**SUPPLIED DATA:**
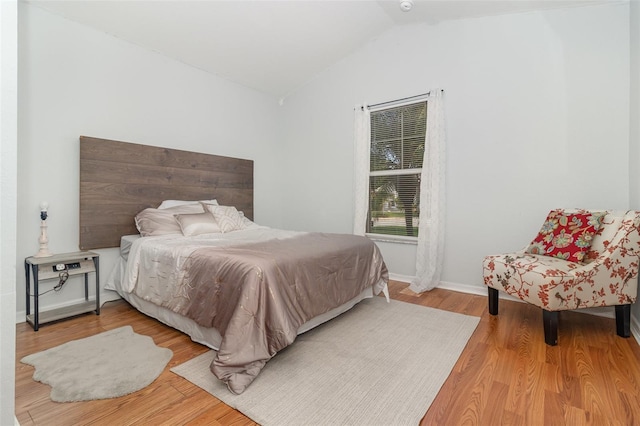 1315 Vista Del Lago Blvd, Dundee, FL 33838 - bedroom with lofted ceiling and wood finished floors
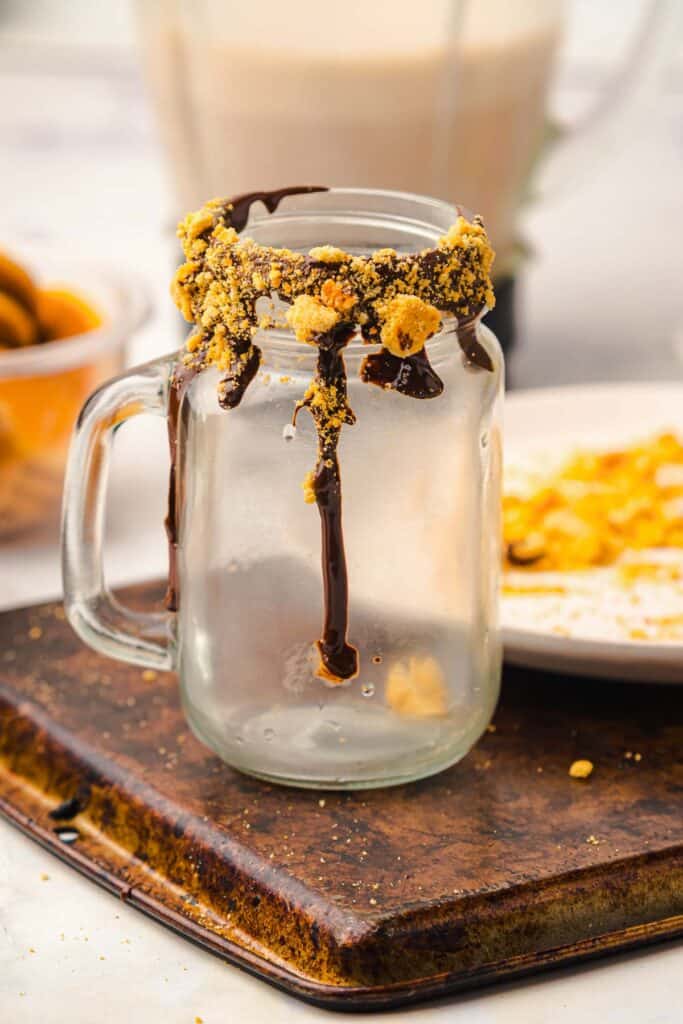 A mason jar mug with chocolate and crumbs on the rim holds a delightful Gingerbread Freakshake, sitting on a tray with plates and snacks nearby.
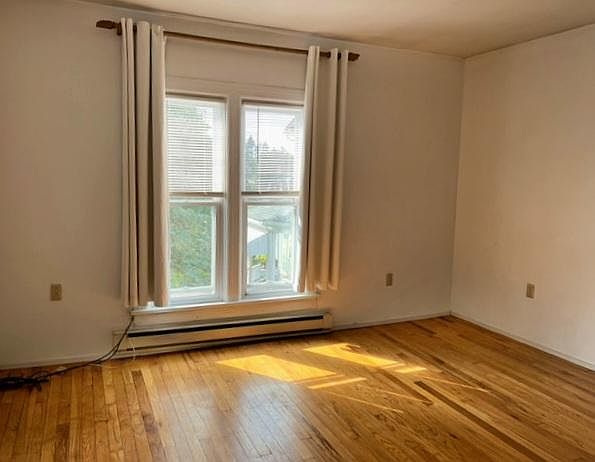 Natural light with refinished hardwood floors in living room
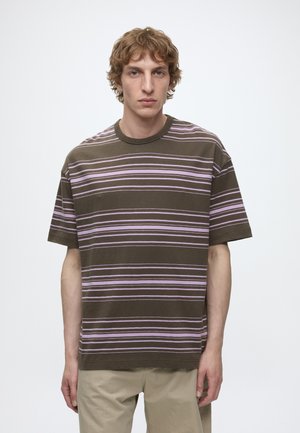 Jeune homme aux cheveux bruns clairs et bouclés, portant une chemise à manches courtes rayée olive et rose et un pantalon beige, debout sur fond blanc.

**TASK DIRECTIONS:**
Every line from the one containing "Natural light with" to the last line of the material must be returned exactly. Leave out any pictures.

**SOLVED PROBLEM:**
 Natural light with refinished hardwood floors in living room
 Jeune homme aux cheveux bruns clairs et bouclés, portant une chemise à manches courtes rayée olive et rose et un pantalon beige, debout sur fond blanc.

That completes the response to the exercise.